_Your goal_
Copy exactly the lines of the material below that fall between the line with "Lucille W. Sharp" and the line with "Schnappi Crocodile optional", both of those lines included; pictures stay out.

_Supplied material_
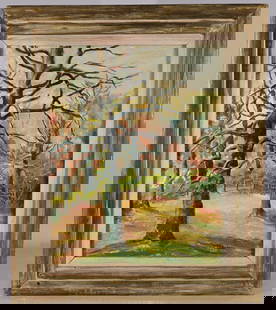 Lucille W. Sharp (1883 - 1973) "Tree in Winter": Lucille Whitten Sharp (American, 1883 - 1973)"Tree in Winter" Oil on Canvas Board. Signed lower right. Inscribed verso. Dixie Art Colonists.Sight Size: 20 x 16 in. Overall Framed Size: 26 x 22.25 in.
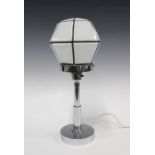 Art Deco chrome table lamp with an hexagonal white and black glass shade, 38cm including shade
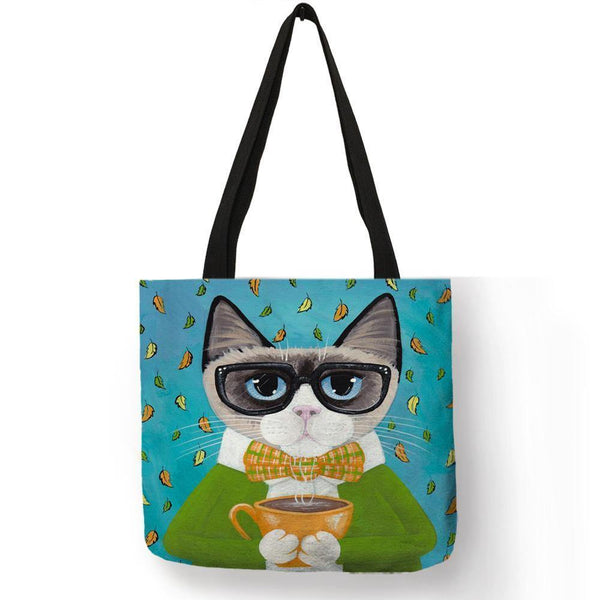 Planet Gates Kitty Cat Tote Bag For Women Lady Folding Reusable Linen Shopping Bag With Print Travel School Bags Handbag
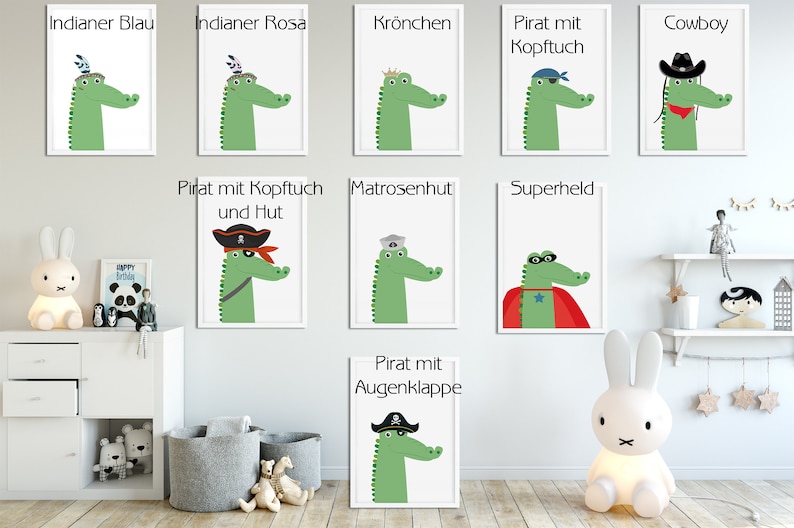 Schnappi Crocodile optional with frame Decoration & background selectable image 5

---

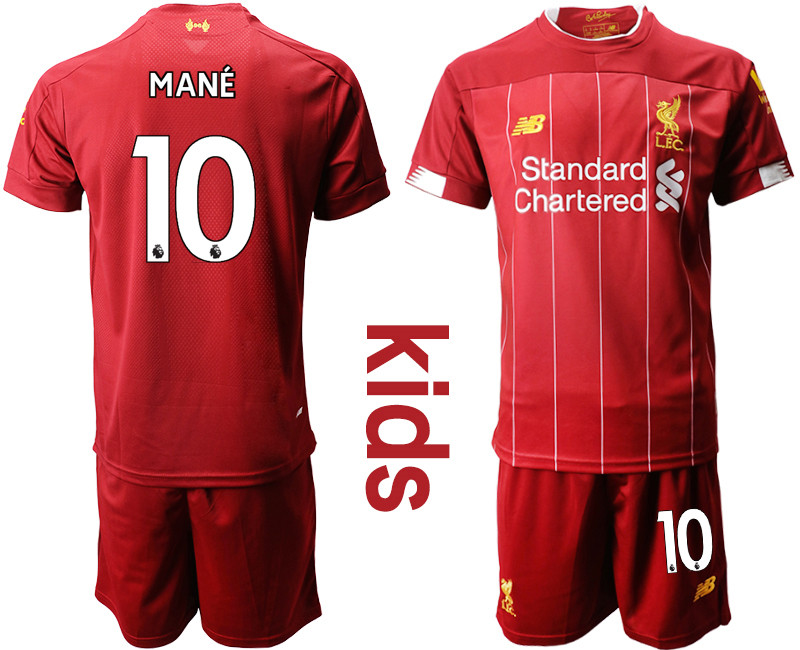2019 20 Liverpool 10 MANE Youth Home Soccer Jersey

...

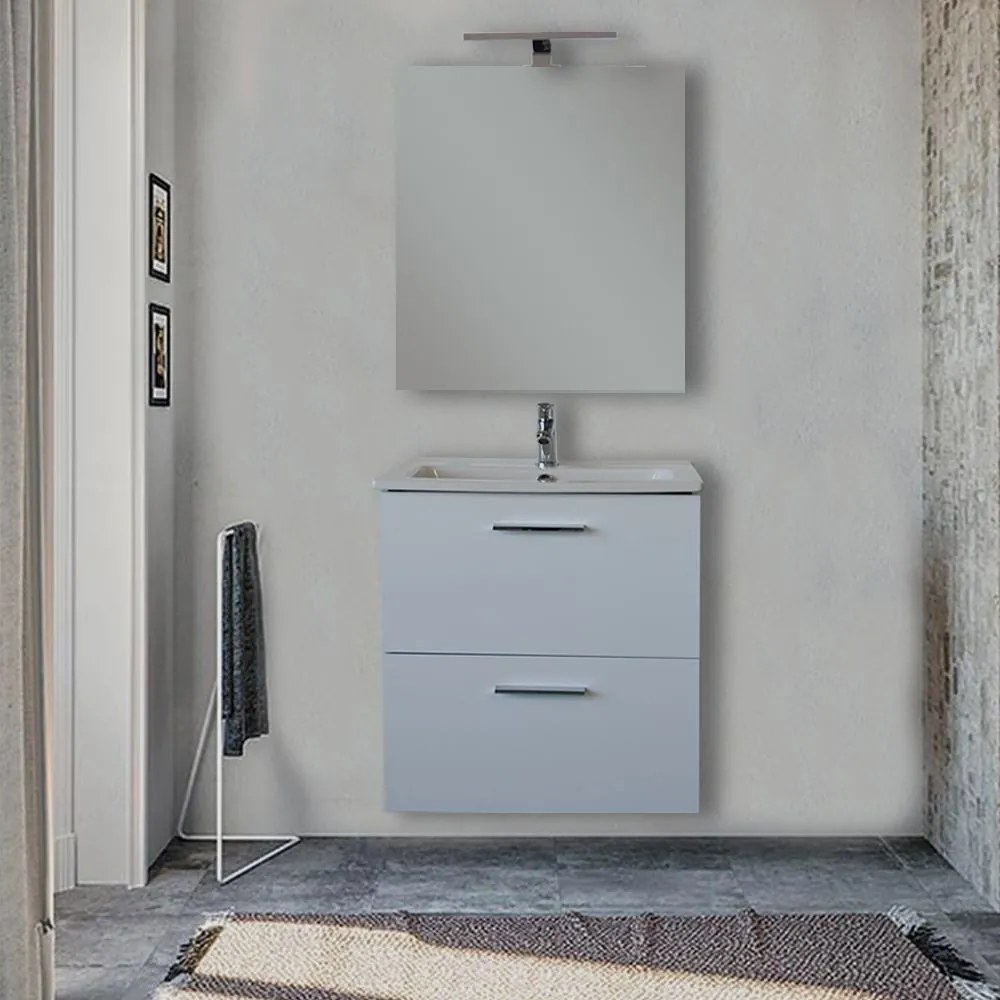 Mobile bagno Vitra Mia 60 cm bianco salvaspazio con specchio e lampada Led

_Written reply_
 Lucille W. Sharp (1883 - 1973) "Tree in Winter": Lucille Whitten Sharp (American, 1883 - 1973)"Tree in Winter" Oil on Canvas Board. Signed lower right. Inscribed verso. Dixie Art Colonists.Sight Size: 20 x 16 in. Overall Framed Size: 26 x 22.25 in.
 Art Deco chrome table lamp with an hexagonal white and black glass shade, 38cm including shade
 Planet Gates Kitty Cat Tote Bag For Women Lady Folding Reusable Linen Shopping Bag With Print Travel School Bags Handbag
 Schnappi Crocodile optional with frame Decoration & background selectable image 5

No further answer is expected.